A tale domanda ha tentato di rispondere Adrian Ndreca. Il docente ha sottolineato che la libertà vissuta dopo la caduta del Partito del lavoro dell’Albania era solo libertà di movimento, di viaggiare dopo decenni da un Paese all’altro senza restrizioni. “L’unica cosa a cui si è giunti in questi anni – ha affermato – è una finta identità nazionalistica che però non ha portato a nulla”. Gli albanesi restano un popolo che non ha ancora compreso a pieno le sue radici. Essi “sono ancora vittime dei fantasmi del comunismo e prigionieri di una finta religione musulmana che non ha radici all’interno della popolazione”. “Oggi l’Albania non è un Paese a maggioranza musulmana – ha concluso Ndreca – il dato si basa su un censimento del 1937. Tuttavia i politici vogliono questo status e mantengono la nazione membro della Conferenza dei Paesi islamici (Oci), e questo è scandaloso”.

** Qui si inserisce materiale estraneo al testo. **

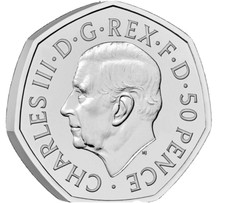 King Charles III (1st Portrait) Queen Elizabeth II 2022 50p Fifty Pence Coin UNC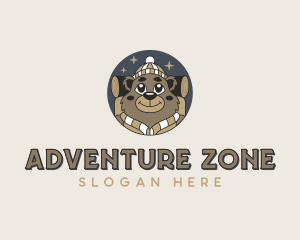 Bear Campsite Adventure logo design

Agron Tufa ha rimarcato la necessità di ricostruire “l’uomo uscito dalle macerie distruttrici dell’ideologia. La società di oggi ha ereditato lo stesso zombie formattato dal comunismo: l’idea di un uomo nuovo, senza respiro e senza religione, senza umanità, senza ideale, uno schiavo rimasto a tutt’oggi senza intelletto”. Il filosofo ha fatto notare che l’establishment politico è ancora frutto dell’eredità del comunismo. Per far cadere questo potere è necessaria una ri-nascita dell’Io”. Tale identità si può recuperare solo attraverso la dimensione religiosa cancellata dal comunismo che dalla sua ascesa nel 1945 ha ucciso 120 sacerdoti, 60 iman, 83 dervishi, 39 preti ortodossi e migliaia fra cattolici, ortodossi e musulmani. Tufa ha fatto notare che proprio da questi ideali religiosi schiacciati, ma ancora vivi, e dalla testimonianza dei martiri, nasce Madre Teresa di Calcutta, una donna di grande animo che ha praticato la carità universale. Nel sua visita nel 1989, la piccola suora aveva colpito la popolazione quando si è inginocchiata sulla tomba di Hoxha, pregando per la sua anima. Il dittatore non aveva mai permesso a Madre Teresa di rientrare in Albania per far visita ai genitori.
Infine secondo Masi, è il recupero di questa dimensione religiosa che può far ripartire la popolazione albanese e aiutarla a scoprire le sue radici: “Dobbiamo perdonare e ricordare per ricostruire”.